Posted by David Glasser <gl...@davidglasser.net>.
On Thu, Oct 8, 2009 at 2:48 PM, Bert Huijben <be...@qqmail.nl> wrote:
> On Thu, Oct 8, 2009 at 10:47 PM, David Glasser <gl...@davidglasser.net> wrote:
>
>> (This is making the assumption that a series of N non-transaction
>> SQLite INSERT statements (which is to say, a series of N implicit
>> transactions) is as efficient as one transaction with N INSERTs.
>> Maybe it isn't; I'm not sure.  Getting it out of the FSFS write lock
>> would still be good, though.)
>
> This is answered in http://www.sqlite.org/faq.html#q19. It isn't as fast:
>
> --------------
> (19) INSERT is really slow - I can only do few dozen INSERTs per second
>
>   Actually, SQLite will easily do 50,000 or more INSERT statements
> per second on an average desktop computer. But it will only do a few
> dozen transactions per second. Transaction speed is limited by the
> rotational speed of your disk drive. A transaction normally requires
> two complete rotations of the disk platter, which on a 7200RPM disk
> drive limits you to about 60 transactions per second.
>
>   Transaction speed is limited by disk drive speed because (by
> default) SQLite actually waits until the data really is safely stored
> on the disk surface before the transaction is complete. That way, if
> you suddenly lose power or if your OS crashes, your data is still
> safe. For details, read about atomic commit in SQLite..
>
>   By default, each INSERT statement is its own transaction. But if
> you surround multiple INSERT statements with BEGIN...COMMIT then all
> the inserts are grouped into a single transaction.
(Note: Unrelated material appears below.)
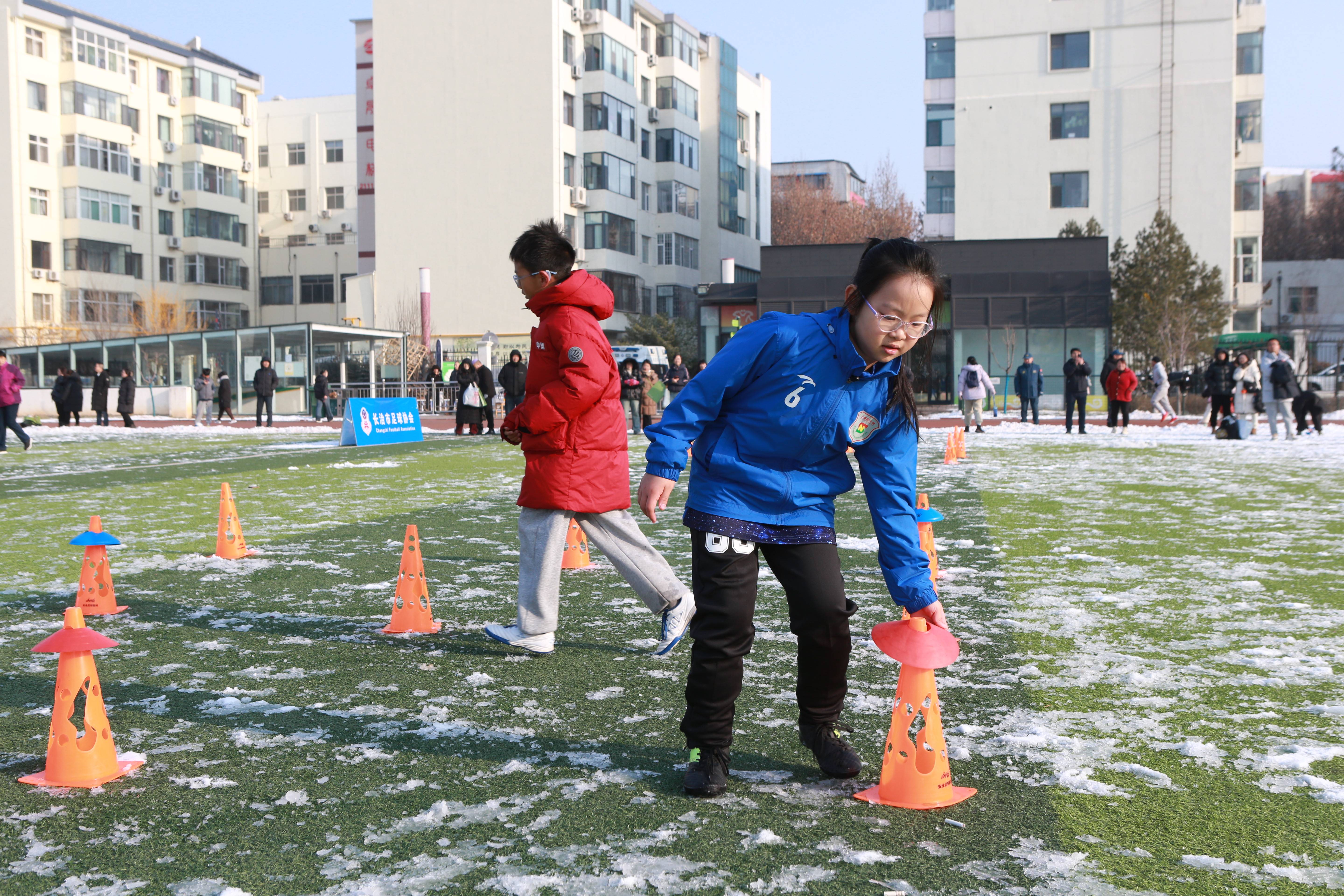 2026迎新年"奔跑吧少年"长治市青少年足球嘉年华公益活动在体育公园举行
The time needed to
> commit the transaction is amortized over all the enclosed insert
> statements and so the time per insert statement is greatly reduced.
>
>   Another option is to run PRAGMA synchronous=OFF. This command will
> cause SQLite to not wait on data to reach the disk surface, which will
> make write operations appear to be much faster. But if you lose power
> in the middle of a transaction, your database file might go corrupt.
>
> ----
> And it is certainly at its right place in the FAQ.. Referenced it
> three times in the last few days ;)

Thanks Bert.  Then take away my recommendation to de-sqlitetxnify the
rep cache updating.  But it's still worth considering moving it
outside of the FSFS write lock.

The tradeoffs, as far as I see it, are:

  - In Daniel's current patch, the sqlite DB is only accessed when the
FSFS write lock is held, which means that in theory there should never
be *any* concurrent access to it, so we never have to worry about
EBUSY, overlapping txns, etc.  (Though at this point sqlite is kinda
overkill :) )  On the other hand, commits take longer and so if a repo
is getting lots and lots of commits, this could take longer.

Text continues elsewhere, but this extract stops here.